Victor Davis Hanson has yet another great article. This time he pontificates on the issue of tenure on college campuses. He makes the point that the idea of not being able to fire someone who is tarnishing the reputation of his employer or who does not do a good job exists only for teachers. Why? Good question.
McCarthyism is evoked as the only bleak alternative to tenure. Once untenured professors find themselves on the wrong side of popular majority opinions, politicized firings will supposedly follow.

Yes, we have all heard that tenure is required to maintain academic freedom and ensure that all ideas can and will be thrown around on a college campus.
Why then does uniformity of belief characterize the current tenured faculty? Contemporary universities are among the most homogeneous of all American institutions, at least in attitudes toward controversial issues of race, gender, class and culture.

Except all ideas aren't heard, at least not for long. Go find yourself a non-tenured professor at you local college who is conservative (if you can). How free do these folks feel to express their ideas (which by the way are shared by many students and in most cases the majority of the parents paying the tuition)?

He goes through some of the history of tenure and major universities and the pay differentials in the country and then drops what I think is the real bomb of it all that lefties don't want to address.
Reasonable people can debate what would be lost with the abolition of tenure. But the warning that, in our litigious society, professors would lack fair job protection is implausible. Renewable five-year agreements — outlining in detail teaching and scholarly expectations - would still protect free speech, without creating lifelong sinecures for those who fail their contractual obligations.

I would go farther than he does. Many professors might very well lose their jobs without tenure... because they stink. The good ones, no matter how controversial, will find a job at another college if they cross a too-easily-offended board. I really don't worry about losing my job because I know I am good at what I do and it happens to be in plenty of demand. If someone isn't good at what they do (and representing the image of the university is part of their job) then perhaps they should go find another way to make a living.

What would happen if tenure went away? What happened with free agency? Instead of worrying about losing their tenure the best professors would start looking on the open market. Schools that can't provide good pay, low crime campuses, competitive research environments and a good working environment will lose their best professors to places that can. The new professor coming out of industry with a resume and some skills will likely make more than many of his peers who never ventured into the "real world" and the schools will compete for them. The schools that can't compete well will wind up with the lesser staff.

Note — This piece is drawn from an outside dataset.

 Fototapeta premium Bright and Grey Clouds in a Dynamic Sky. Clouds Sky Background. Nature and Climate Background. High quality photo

Parents will react by either sending their kids to "better" schools or demanding much lower tuition. More viable research will get done (with it's associated funding for the school) because more people in industry who get paid to be good at what they do will have more of an interest in working with their local university to drive that research (in case you don't know most schools are limited in what they can pay non-tenured professors even if said individual is bringing in big time grant money).

So I would argue that free enterprise would do the same thing to universities as it does in the general business world. I didn't hesitate to switch companies and move to a better one making more money when I wasn't happy at my last one. I won't hestitate to do it again. I think I am "normal" in this regard. Some companies fail and some have great success and reward their employees for creating that success.